This offseason is setting up to be more action packed than the last for the Philadelphia Eagles. There’s a lot of excitement surrounding Free agency and understandably so. The Eagles have some prominent holes to fill and there is an abundance of talented players who could be ready to test Free agency waters. But as enticing as Free agency may seem, the Eagles have to be more meticulous than ever.
Traditionally, the Eagles have been very strong when it comes to attacking Free agency. Brandon Brooks, Rondey McLeod and Nigel Bradham are just three of the players who were picked up during the offseason and had huge roles to play in the 2016 season. But not every FA addition has been as impressive..and those who have struggled in recent years, have often tended to be in the same positions.
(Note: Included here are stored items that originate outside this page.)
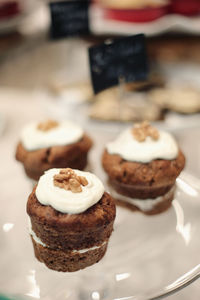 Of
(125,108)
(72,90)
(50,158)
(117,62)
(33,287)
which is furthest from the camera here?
(72,90)

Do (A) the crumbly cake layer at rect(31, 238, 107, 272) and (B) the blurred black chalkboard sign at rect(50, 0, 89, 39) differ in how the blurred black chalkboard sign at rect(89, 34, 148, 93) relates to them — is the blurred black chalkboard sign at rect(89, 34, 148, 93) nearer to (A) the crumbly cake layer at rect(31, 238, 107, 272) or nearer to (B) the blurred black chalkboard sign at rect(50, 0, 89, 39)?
(B) the blurred black chalkboard sign at rect(50, 0, 89, 39)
Wide receiver and cornerback. Funnily enough, it’s those same two positions that the Eagles are desperate to improve yet again.
To see the pattern, all you have to do is take a look back to the corners and wideouts signed through free agency since 2013.
It’s fair to say that the Eagles have struggled to find value in these signings. Since 2013, the Eagles have endured a cornerback carousel and instability at wide receiver. For one reason or another, the team just can’t seem to get it right.
The Eagles took a huge shot in the dark last offseason. Signing former Giants WR Reuben Randle, in the hopes that he could shatter the character concerns and live up to the potential he was once labelled to have, the Eagles bought in a former teammate of Sam Bradford, Chris Givens, in order to stretch the field. Not a single wide receiver signed in free agency by the Eagles that year, made it to the start of the regular season.
The cornerback additions of 2016 were just as underwhelming. Veteran Leodis McKelvin and former special teamer Ron Brooks were signed thanks to their experience under Jim Schwartz, but neither were able to make a stern impact.
The erratic style of Ron Brooks cost the team hugely at times before a steady improvement was stunted by a season-ending injury. McKelvin simply failed to find a rhythm or play to the level that he previously earned a reputation for under Jim Schwartz. By the end of the year, it was seventh round pick, Jalen Mills and pending free agent Nolan Carroll who proved to be the team’s most effective tandem. The Eagles gave up a total of 1,024 passing yards on routes of 20 yards or more. That doesn’t exactly scream free agency success.
When it comes to interior positions, or even Safety, the Eagles have had no previous concerns at all. Malcolm Jenkins, Connor Barwin and Ryan Mathews are three players who fit snugly into their new team upon joining. But in a year where the Eagles lost six games by one possession, it’s the holes on the outside that are once again stopping the team from edging into the playoffs.
It’s clear that the Eagles need help at both positions, and the lack of overall position talent at both clearly chained the Eagles down on both sides of the ball in 2016.
The good news is, that with Joe Douglas and Andy Weidl now running the Personnel side of things, the Eagles have a new approach when it comes to evaluating talent. Howie Roseman will still be the man behind the trigger, but a much stronger supporting cast should enable the Eagles to reap the rewards of Free agency more efficiently.
Even so, this will be the first time that Douglas and Weidl have taken on these roles and the first offseason they will have spent in Philadelphia. There’s a lot of pressure on the shoulders of the two talent evaluators, but the team can’t afford to whiff on free agency at such key positions for yet another year.
The Birds arguably have a five-year window in which to operate and grow around Carson Wentz, preparing them for years of legitimacy. The team have to be meticulous in the talent they choose to bring in.
A restraining salary cap is going to make life even tougher for the Eagles..but this is arguably the most important offseason in recent memory…and an offseason in which the Eagles simply cannot afford to waste by taking shots on the dark and banking on low-risk, high-reward players to turn their franchise around.